大学のプログラムでは依然、臨床トレーニングの最中に学位論文のための研究が2-3年も入って、トレーニングが中断することがある。臨床の技術はいつでも習得できるからと卒後2-3年の医師に研究をさせる大学もある。しかしこれは正しくない。よく考えてほしい。卒後7年もたって医学博士にもなっている者が、手術の糸結びも満足にできないとき、「こうやって結ぶんだよ」などと教える親切な指導医がいるだろうか?まだレジデントだから、「何やってんだ。こうやるんだよ」と教えてもらえるのである。技術を習得するには適齢期があるのだ。
英語で書かれた論文だけが"論文"に値すると考えてほしい。日本語で書いたものは海外では誰も読んではくれない。そのために、論文が寝転がって読めるくらいに、医学英語に習熟してほしい。英語で書いた論文に海外から問い合わせがあると、「世界の中の自分」を感じることができる。積極的に外国での発表を行い、自分を磨こう。
また抄読会を毎週火曜日もしくは金曜に行っており、疑問はどんどん出して解決しよう。知らないことを恥じるのではなく、知らなかったことをなくせて良かったという気持ちにしよう。解決しないなら、宿題に。

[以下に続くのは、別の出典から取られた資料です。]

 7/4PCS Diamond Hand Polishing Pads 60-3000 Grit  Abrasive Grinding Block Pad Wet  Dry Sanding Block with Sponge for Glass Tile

現在の保険制度が臨床医の技術を評価せず、医療の質にかかわらず、すべて横並びという従来の社会主義的システムを堅持していることを本当に残念に思っている。そのため外科などの3K科へ入局する新人が減り、熟練技術者たる外科医の報酬が不当に低くなっている。早く構造改革がわれわれの分野にも起こってくれないかと思っているが、その日に備えいかに自分を磨いておくかが鍵となる。専門医の資格や学位などは取れるうちに取っておき、学内外にさまざまな人脈を作っておく。年功序列型から実力による勝ち抜き型になるので、先輩を追い抜くことを考えておくべきである。先輩も逃げるのに必死であり、必死になるべきである。

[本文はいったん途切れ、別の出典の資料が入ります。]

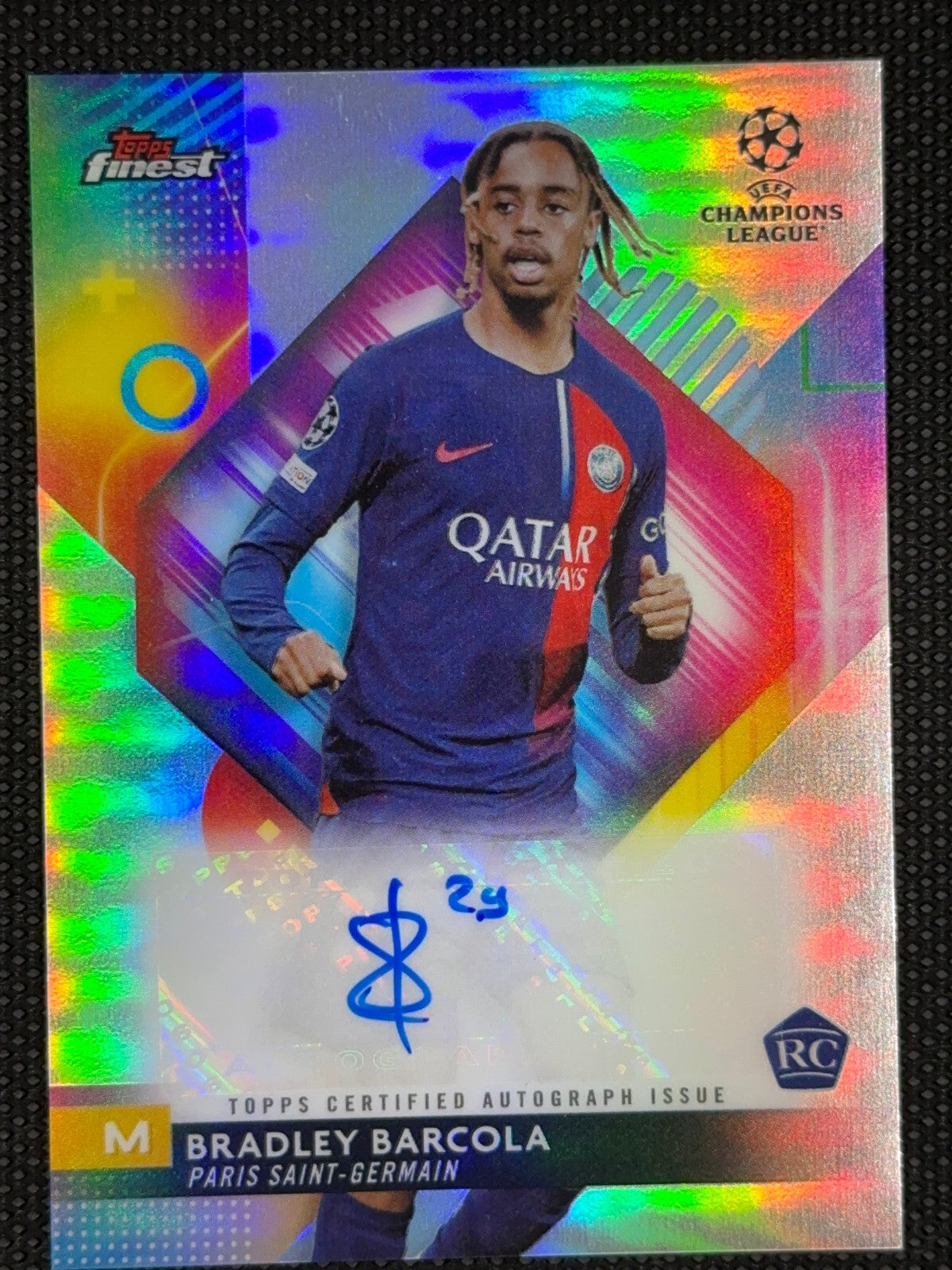 Bradley Barcola Autograph Rookie Topps Finest UCL 2023/24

当科では基本的にチーム制度をしいており、常勤医師の指導のもとに動くシステムのため、レジデントの医師が責任を深く持つことはありません。最終責任は、部長である中山が取ります。常勤医師はチームでの行動を通じて、各指導医の知識や経験、考え方と技術を学んでいきます。また、レジデント医師へのレクチャー(20~40分程度)があり、レジデントハンドブック(資料1)を用いて年間を通じて行い、知識、技術習得の補助とします。最終責任は、部長である伊藤が取ります。